However, I feel like I'm always the one asking friends if they want to do something. For instance, my two best friends from college are both still single and live together in the city (while I am in the suburbs.) We keep in contact and they have been there for me through everything with my STBXAH, but I do get frustrated because one of them is the type who can never commit to things ahead of time, which doesn't work for me when I have 2 children. I'll also see that she goes out and does stuff (via social media) and then I'll wonder why she didn't think to invite me? I know we're all busy, so maybe I shouldn't be thinking this way.

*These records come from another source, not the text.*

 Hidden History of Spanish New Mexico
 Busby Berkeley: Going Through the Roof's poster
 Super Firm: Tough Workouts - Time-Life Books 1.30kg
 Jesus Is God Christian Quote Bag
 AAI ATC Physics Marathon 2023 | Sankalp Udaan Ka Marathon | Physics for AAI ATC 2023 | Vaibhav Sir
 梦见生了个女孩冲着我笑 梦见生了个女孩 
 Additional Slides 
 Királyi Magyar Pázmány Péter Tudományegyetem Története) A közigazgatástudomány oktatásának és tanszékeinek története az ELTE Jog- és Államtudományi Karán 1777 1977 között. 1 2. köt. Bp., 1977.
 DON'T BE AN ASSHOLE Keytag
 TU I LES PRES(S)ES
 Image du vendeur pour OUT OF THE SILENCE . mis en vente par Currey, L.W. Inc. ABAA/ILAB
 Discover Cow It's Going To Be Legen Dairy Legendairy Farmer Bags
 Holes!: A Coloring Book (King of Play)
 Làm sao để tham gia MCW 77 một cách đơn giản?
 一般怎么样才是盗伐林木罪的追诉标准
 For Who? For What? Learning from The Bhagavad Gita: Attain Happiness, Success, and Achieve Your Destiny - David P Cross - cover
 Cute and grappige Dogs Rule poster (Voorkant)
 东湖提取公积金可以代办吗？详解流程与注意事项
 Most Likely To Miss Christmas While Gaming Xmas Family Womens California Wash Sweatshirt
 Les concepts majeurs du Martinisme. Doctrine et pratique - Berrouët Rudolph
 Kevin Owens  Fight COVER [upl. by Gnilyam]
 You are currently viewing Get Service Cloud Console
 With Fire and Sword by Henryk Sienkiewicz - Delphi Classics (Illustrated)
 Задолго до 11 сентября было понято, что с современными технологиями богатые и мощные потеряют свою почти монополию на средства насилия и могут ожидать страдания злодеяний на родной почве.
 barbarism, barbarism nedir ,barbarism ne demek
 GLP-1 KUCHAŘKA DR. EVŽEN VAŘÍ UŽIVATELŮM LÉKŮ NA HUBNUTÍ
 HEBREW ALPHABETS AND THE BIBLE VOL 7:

Anyways, is that an issue for me to always be the one to have to initiate hanging out with friends? I know I shouldn't be feeling pity and I probably just need to make more of an effort to expand my circle, but I guess it just feels a bit strange doing so at the age of 35 after all these years of not giving it much thought. Advice appreciated!
Hi Jada,

I understand what you are going through as I've been going through the same thing, albeit in a slightly different way, as I, like your friend, am living in the city and have no children.

However, all my friends except one are married (or in long time relationships) and have children and, apart for my one single and childless friend, they all live in the suburbs.

Here is a bit of my backstory: before my XABF, I had a 4 year relationship with a man you had a son. Since he lived in another city and shared custody of his son, it made sense that I be the one to move, which I did. At that point in my life, only two of my friends were living in the suburbs and had kids. By the time we separated and came back to my city, all of my friends except one had move to the suburbs, married and started having kids. I felt a bit disoriented and found it confusing that life wasn't what it used to be.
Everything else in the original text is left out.